CEO Kills Six Sigma

Don't Let This Happen to You - Be a Money Belt

I just got this email from a master black belt that I greatly respect:

After months of waiting on a decision from our new CEO we were informed that our last day is near, but we have opportunity to apply for other jobs internally. The new CEO is not a supporter of Six Sigma and Innovation. We have saved over $20M in hard dollar savings, trained hundreds who have advanced their careers and made major improvements. It is very disappointing, but after multiple CEOs in a few years it was going to happen. The former CEOs have all been great supporters, so the new guy is going to do things differently. He uses "what works". No one knows what that is yet.

I am writing to see if you know any companies that may be looking for a Dedicated and Hard Worker!!! ME

This shows one of the great fallacies of the "get top level commitment for Six Sigma." When there's a change in leadership, Six Sigma can go bye bye, even if you have real savings.

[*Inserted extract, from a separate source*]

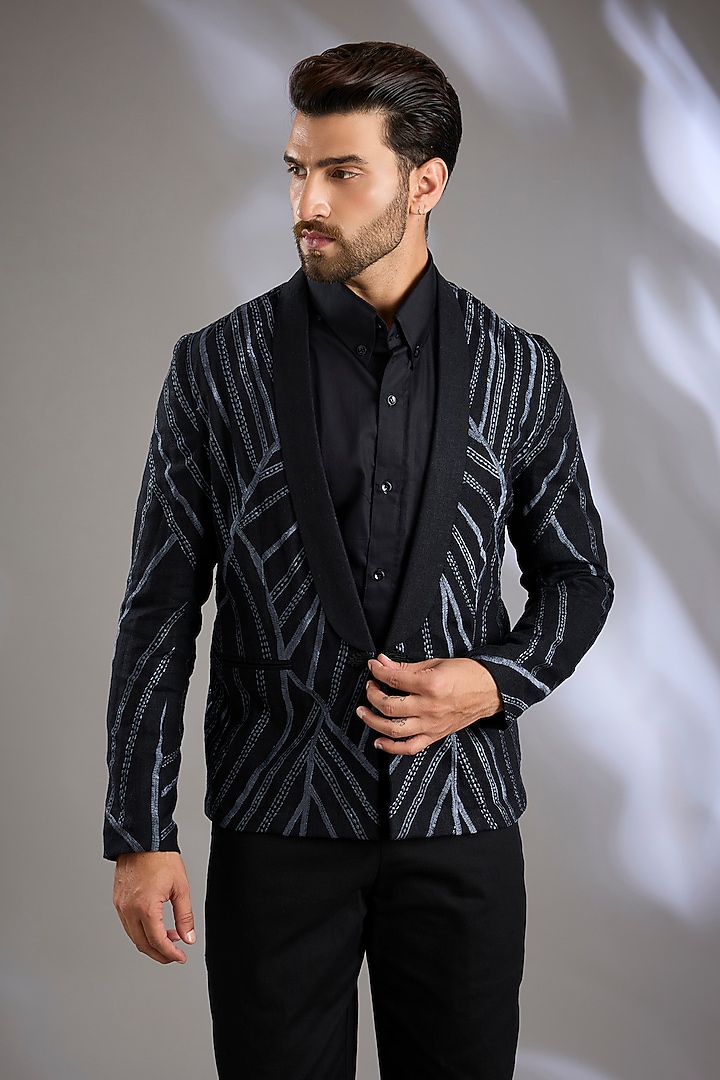 Black Linen Resham Embroidered Blazer by Arun Verma at Pernia's Pop Up Shop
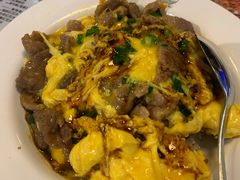 牛肉葱花滑蛋饭-深仔记茶餐厅(亚士厘道店)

According to executive recruiting firm Spenser Stuart, in 1980, CEO's served an average of eight years. By 2005, that number was seven and dropped to five years for the Fortune 500. My guess is that it is closer to three years now.

It Doesn't Matter How Many People You've Trained

Training lots of people in Lean Six Sigma isn't a measure of success.

Results are the only real measure of success. 

Be a Money Belt

Keep a record of your projects and the savings associated with them. If you can't measure the dollar savings, you're on the chopping block. If you can measure them, then you have leverage with the new leadership and a great resume even if the new leader doesn't care. 

Here's My Point
With the economy in trouble, every business leader is going to be looking at the bottom line: what contributes and what doesn't. The quality department has always been an easy target.

It would be great if we could convert every business to have a quality management system, but a new CEO isn't brought in to keep things the same; they are brought in to shake things up. And many times the good is thrown out with the bad.

Lean Six Sigma is one of the things that new CEOs kill in favor of innovation. When innovation fails, the next CEO will bring in some form of improvement methodology, maybe the next iteration of Lean Six Sigma.

I believe the best we can hope for is to create some Money Belts who can find and fix problems that contribute to lost profits. CEOs may come and go, but Money Belts are invaluable and can work their magic in any climate.

If the corporate culture matures to the point that it embraces a quality management system or some customer demands it as a condition of doing business, fantastic. Until then, be a Money Belt! Tell everyone stories of your improvements. Make yourself invaluable to the business. Then, even if the quality department goes away, you and the improvement methods will remain.